(Short text fragments from websites)

· · · · · · ·

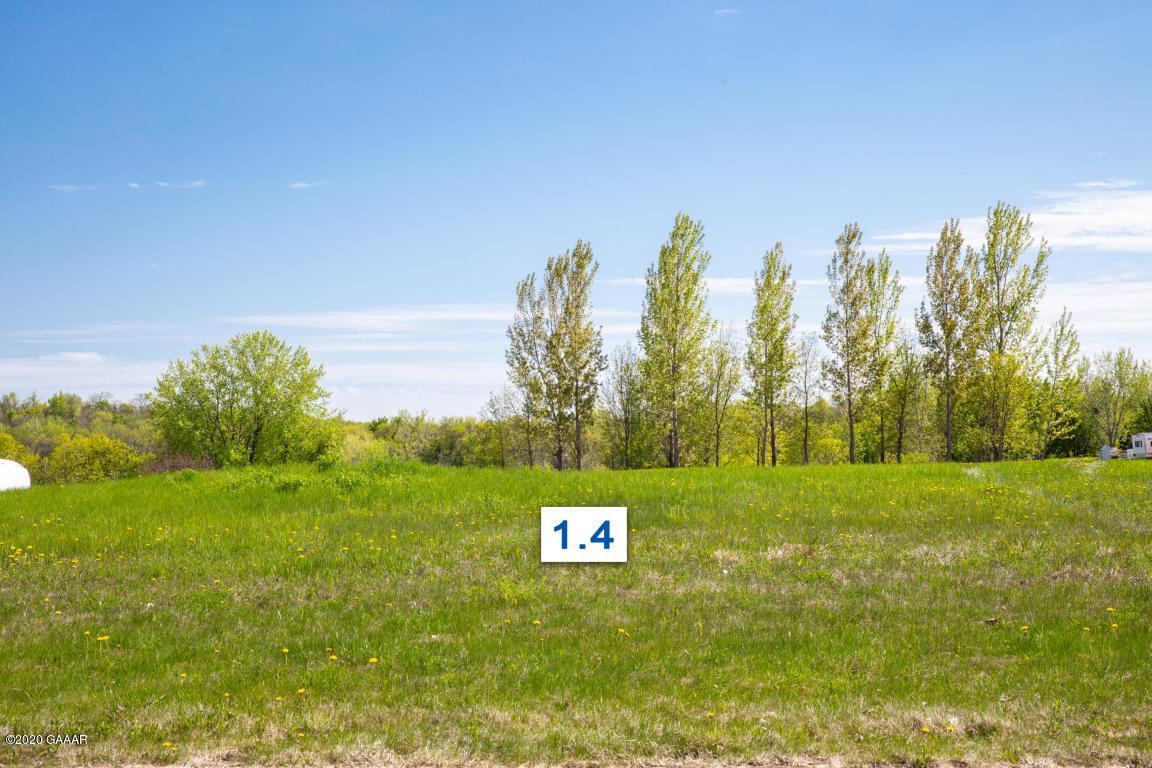 land for sale at 408 Lot1.4 5th Street E in Brandon, MN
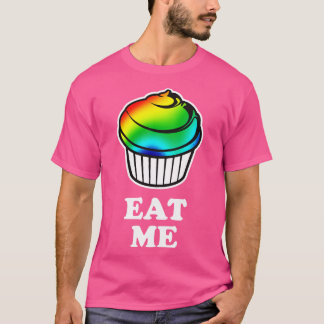 Ät mig t shirt
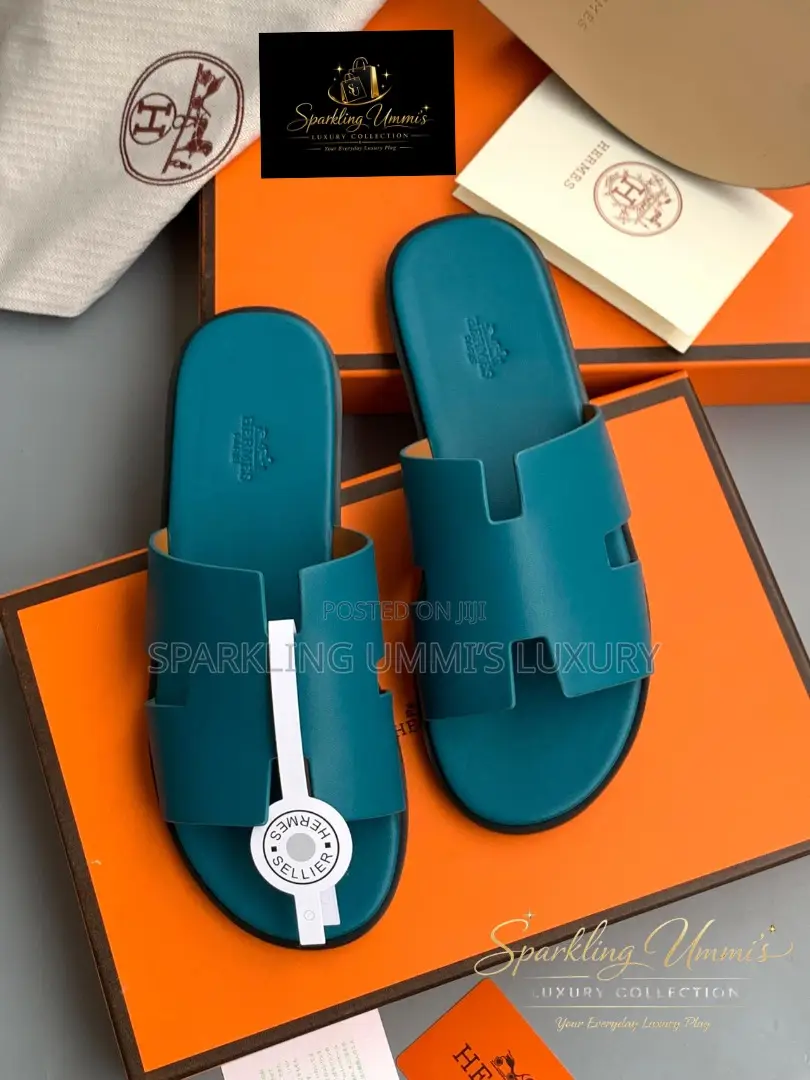 Premium Quality Hermès Slippers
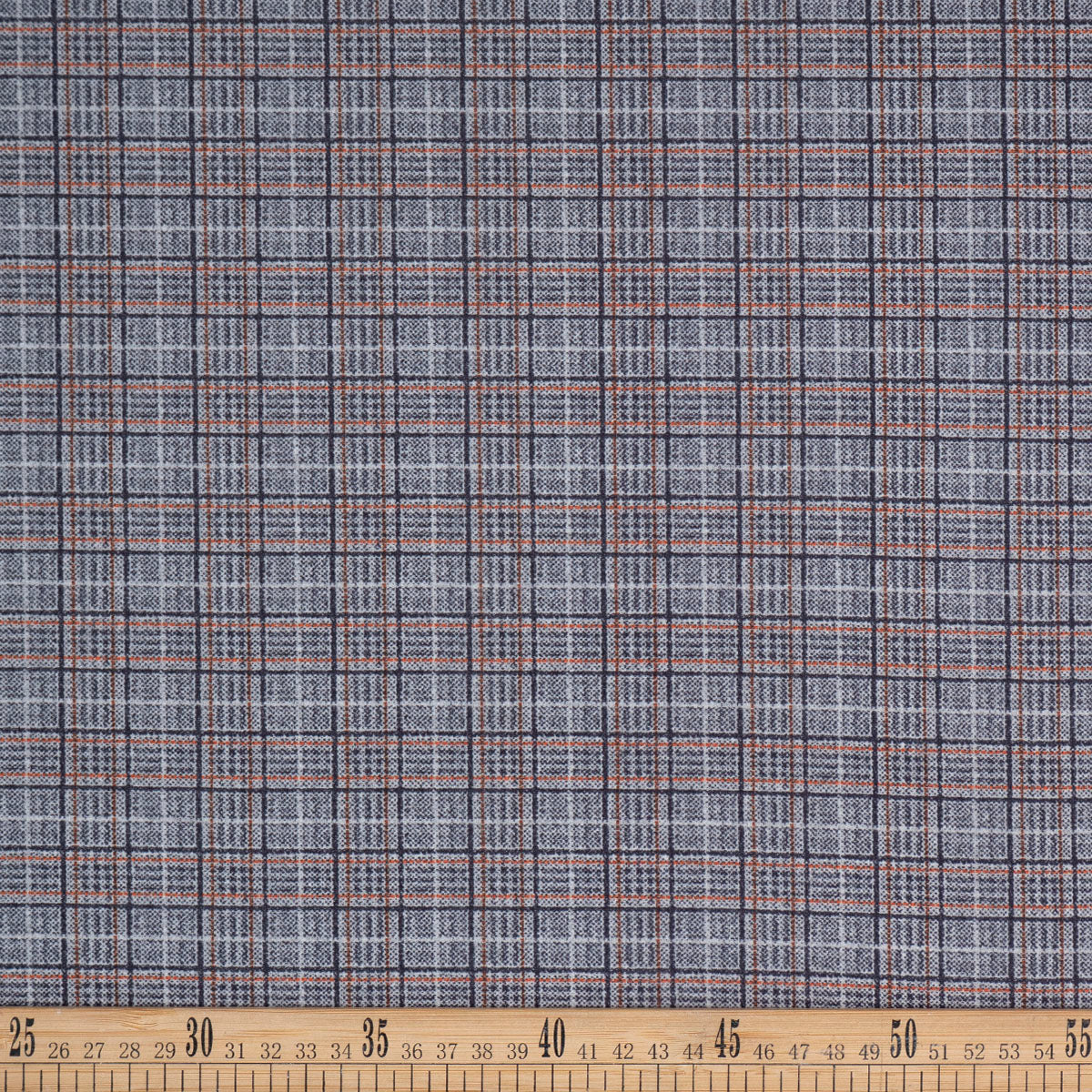 PAÑO SINTETICO ESTAMPADO GRIS PELTRE CUADRILLE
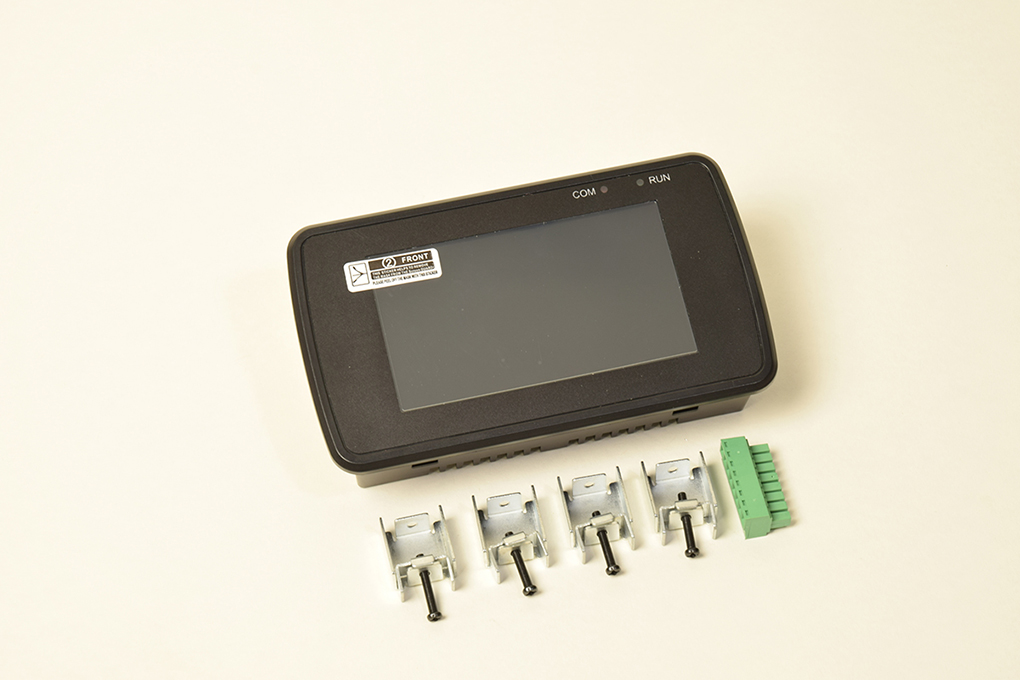 Itho Daalderop - Bedieningspaneel WinCE HP S - 05-00402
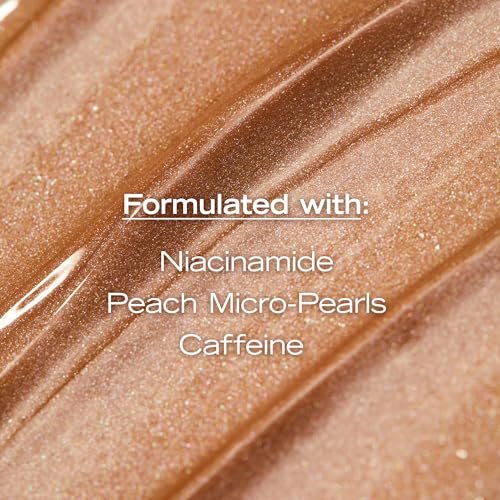 First Aid Beauty Brighten + Glow Eye Cream with Niacinamide – Hydrating Eye Cream for Dark Circles & Instant Glow, Safe for Sensitive Skin, 0.5 oz Avelisse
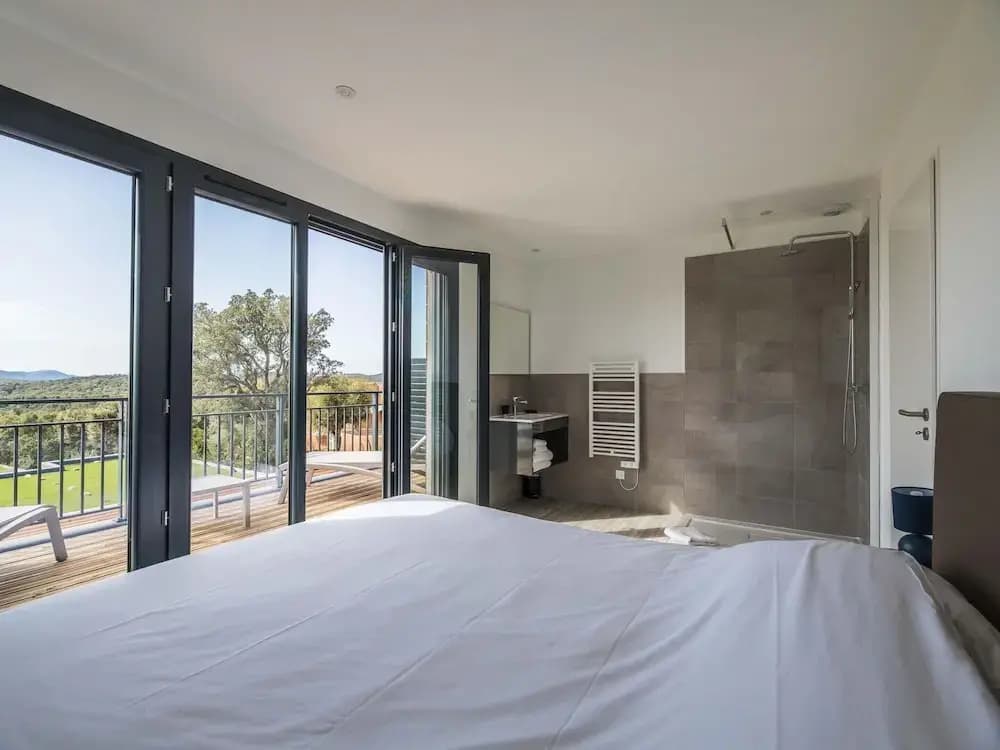 Small Villa With Private Pool, Residence Les Terrasses D'arsella, Porto-vecchio - Photo 4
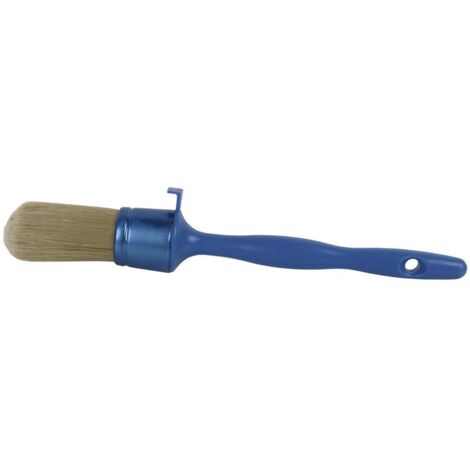 COFAN brocha prensada c/colgador 10 ø35mm , Brochas prensadas con colgador latera para un acabado profesional. La brocha prensada marca Cofan es perfecta para acabados profesionale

· · · · · · ·

**WHAT YOU NEED TO DO:** Could you repeat exactly the lines from the first one of the records above through the line containing "Itho Daalderop - Bedieningspaneel", leaving out any pictures?

**EXERCISE RESPONSE:**
 land for sale at 408 Lot1.4 5th Street E in Brandon, MN
 Ät mig t shirt
 Premium Quality Hermès Slippers
 PAÑO SINTETICO ESTAMPADO GRIS PELTRE CUADRILLE
 Itho Daalderop - Bedieningspaneel WinCE HP S - 05-00402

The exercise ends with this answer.